[TASK PROMPT] From the data below, return only the lines from the one with "کرم ضد آفتاب" through the one with "Infinity Gaming PC", exact and inclusive, with pictures left out.

[PROVIDED ENTRIES]
□ □ □ □ □ □ □

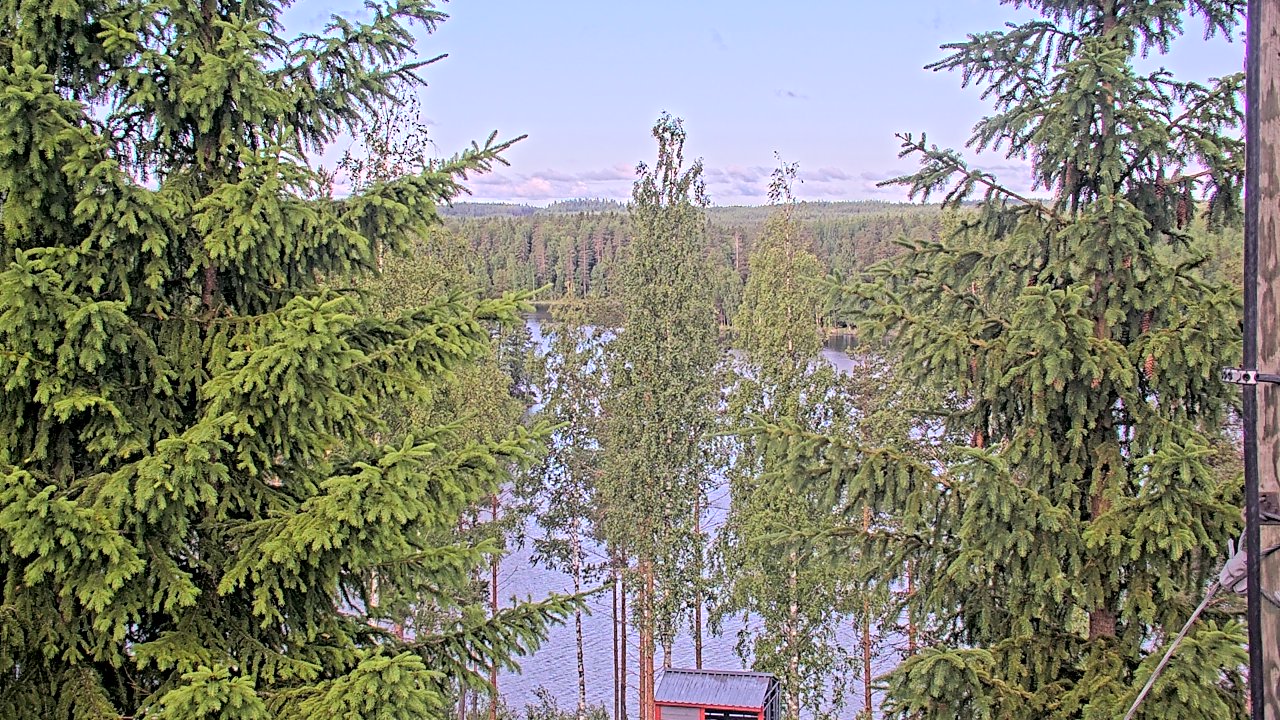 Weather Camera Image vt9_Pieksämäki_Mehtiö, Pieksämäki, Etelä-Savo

□ □ □ □ □ □ □

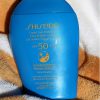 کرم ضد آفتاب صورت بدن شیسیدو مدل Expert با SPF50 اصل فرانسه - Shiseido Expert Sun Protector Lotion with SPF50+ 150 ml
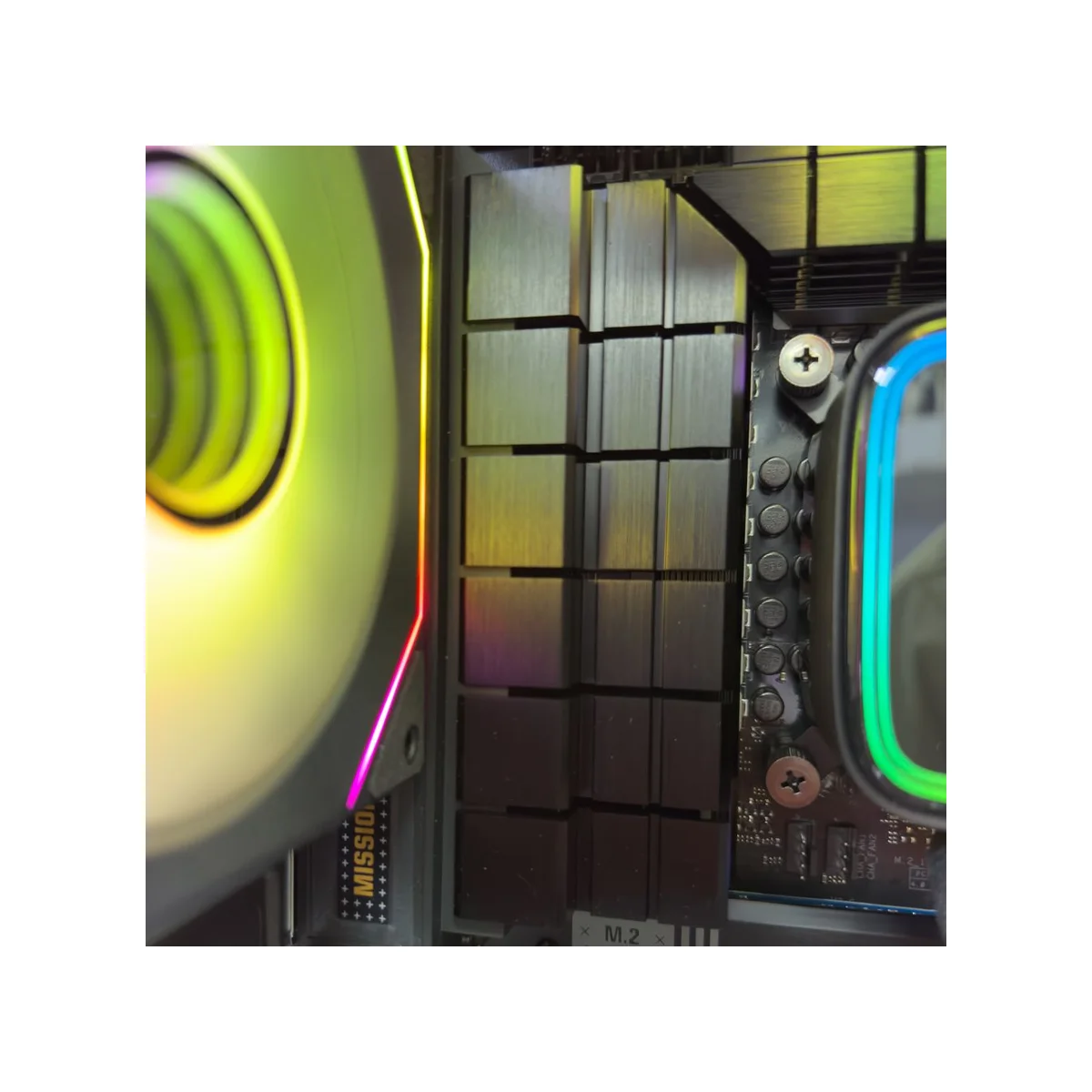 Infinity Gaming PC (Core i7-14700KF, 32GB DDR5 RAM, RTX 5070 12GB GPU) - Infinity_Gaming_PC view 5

□ □ □ □ □ □ □

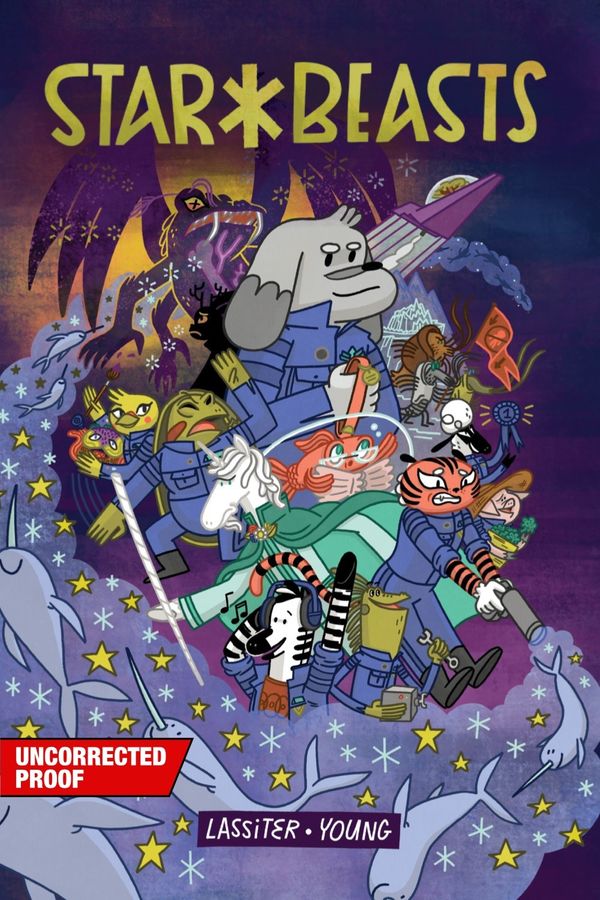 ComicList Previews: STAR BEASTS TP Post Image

□ □ □ □ □ □ □

[EXERCISE RESPONSE]
 کرم ضد آفتاب صورت بدن شیسیدو مدل Expert با SPF50 اصل فرانسه - Shiseido Expert Sun Protector Lotion with SPF50+ 150 ml
 Infinity Gaming PC (Core i7-14700KF, 32GB DDR5 RAM, RTX 5070 12GB GPU) - Infinity_Gaming_PC view 5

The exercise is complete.